*Data records:*

+++

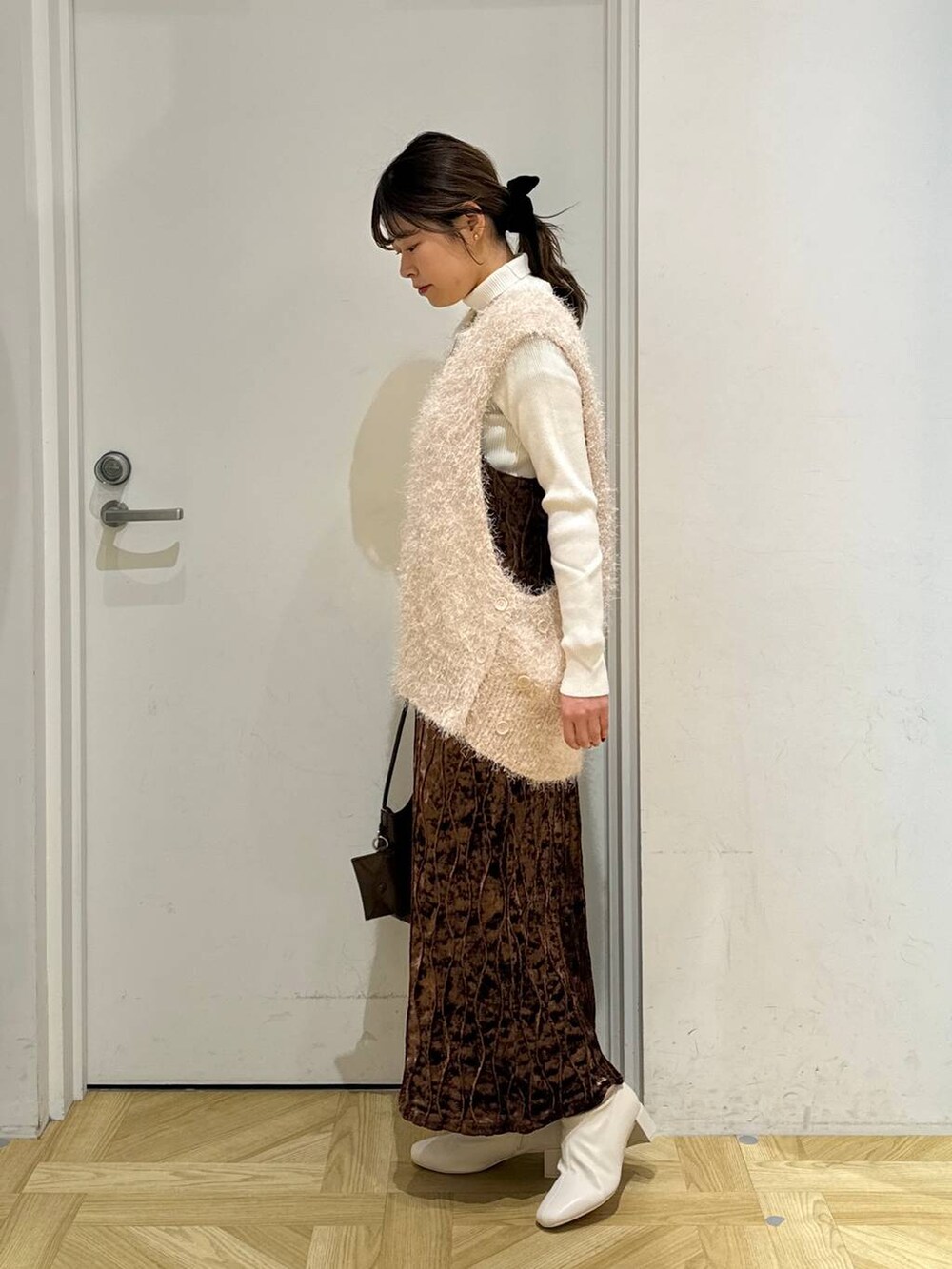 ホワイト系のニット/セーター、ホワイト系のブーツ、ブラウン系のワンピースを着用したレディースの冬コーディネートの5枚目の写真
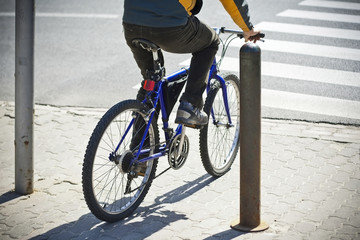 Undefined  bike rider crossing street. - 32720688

+++

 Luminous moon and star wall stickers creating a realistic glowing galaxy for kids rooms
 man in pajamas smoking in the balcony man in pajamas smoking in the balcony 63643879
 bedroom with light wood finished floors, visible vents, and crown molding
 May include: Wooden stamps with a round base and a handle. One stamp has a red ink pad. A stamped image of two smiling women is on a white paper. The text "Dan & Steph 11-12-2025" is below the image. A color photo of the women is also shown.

+++

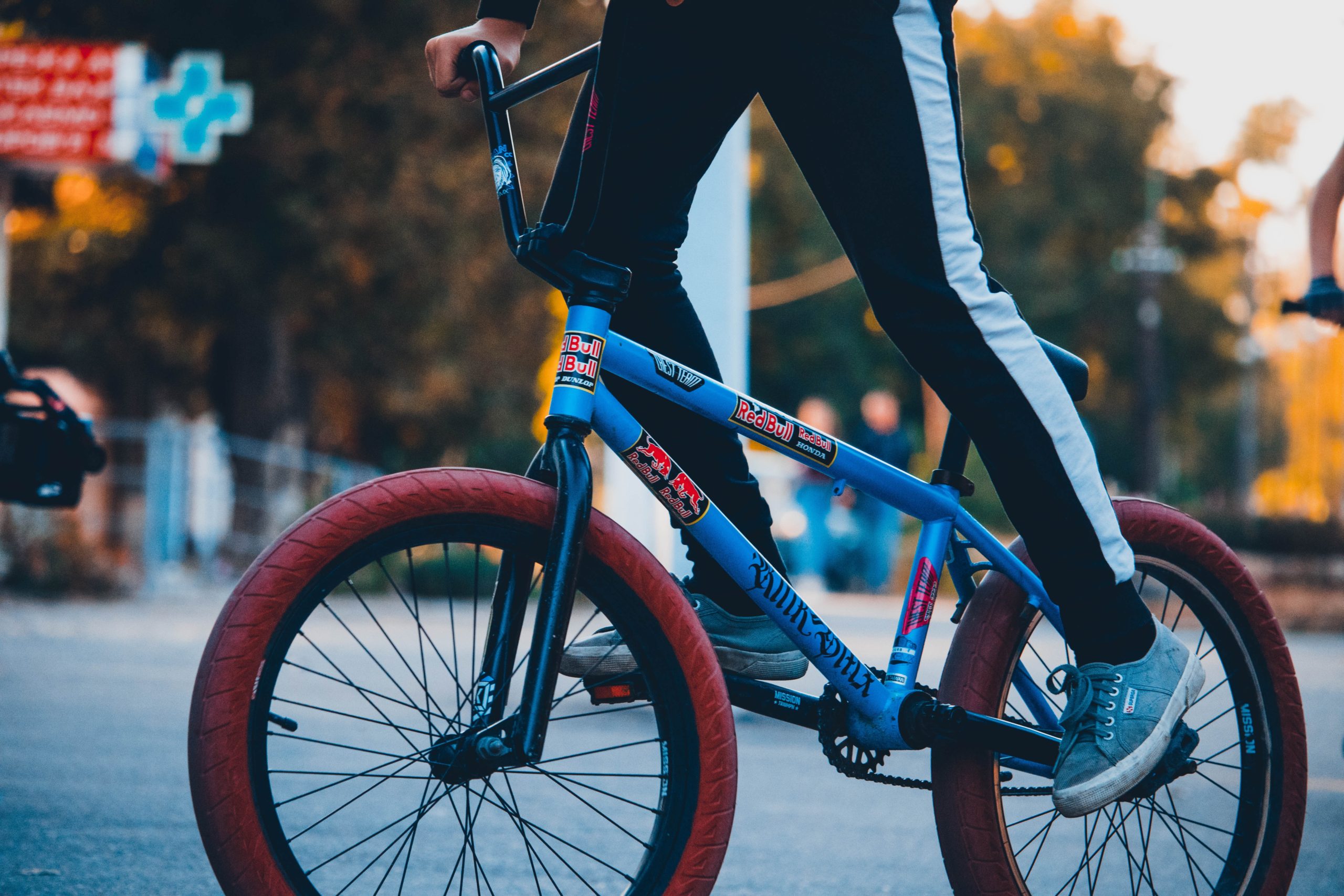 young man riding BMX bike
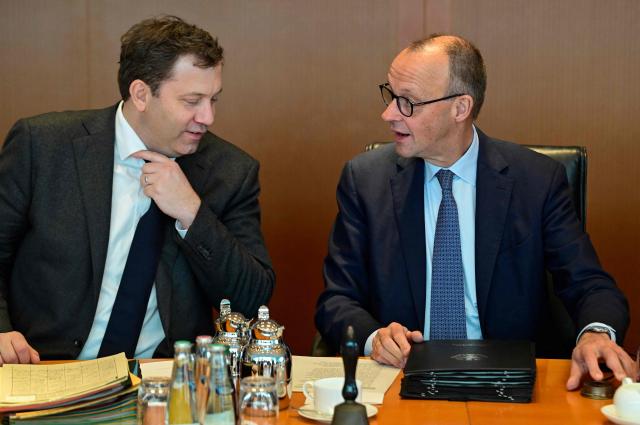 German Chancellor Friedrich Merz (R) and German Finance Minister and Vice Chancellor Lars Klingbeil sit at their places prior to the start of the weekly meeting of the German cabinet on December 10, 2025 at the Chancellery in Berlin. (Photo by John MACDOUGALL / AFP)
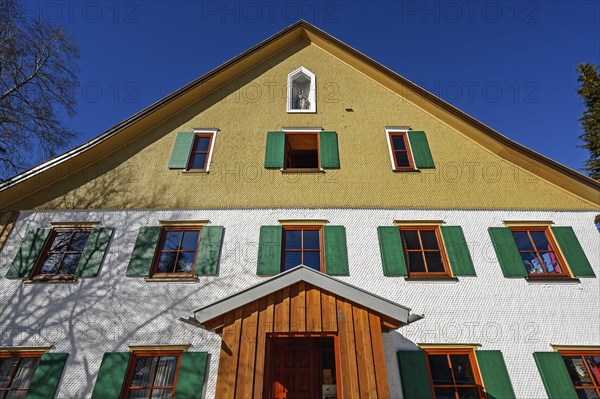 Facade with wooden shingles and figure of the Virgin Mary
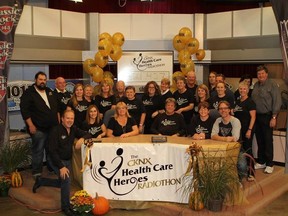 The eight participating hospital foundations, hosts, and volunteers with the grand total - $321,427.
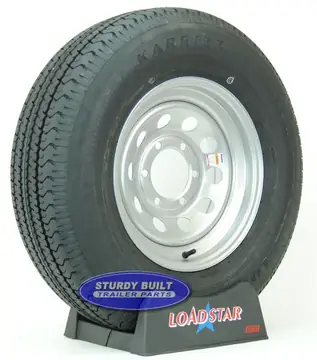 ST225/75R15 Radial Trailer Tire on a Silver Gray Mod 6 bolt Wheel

+++

*What to work on:*
Leave out every picture, and copy exactly the lines above starting at the one holding "young man riding BMX bike" and ending at the one holding "ST225/75R15 Radial Trailer", no more and no less.

*Exercise output:*
 young man riding BMX bike
 German Chancellor Friedrich Merz (R) and German Finance Minister and Vice Chancellor Lars Klingbeil sit at their places prior to the start of the weekly meeting of the German cabinet on December 10, 2025 at the Chancellery in Berlin. (Photo by John MACDOUGALL / AFP)
 Facade with wooden shingles and figure of the Virgin Mary
 The eight participating hospital foundations, hosts, and volunteers with the grand total - $321,427.
 ST225/75R15 Radial Trailer Tire on a Silver Gray Mod 6 bolt Wheel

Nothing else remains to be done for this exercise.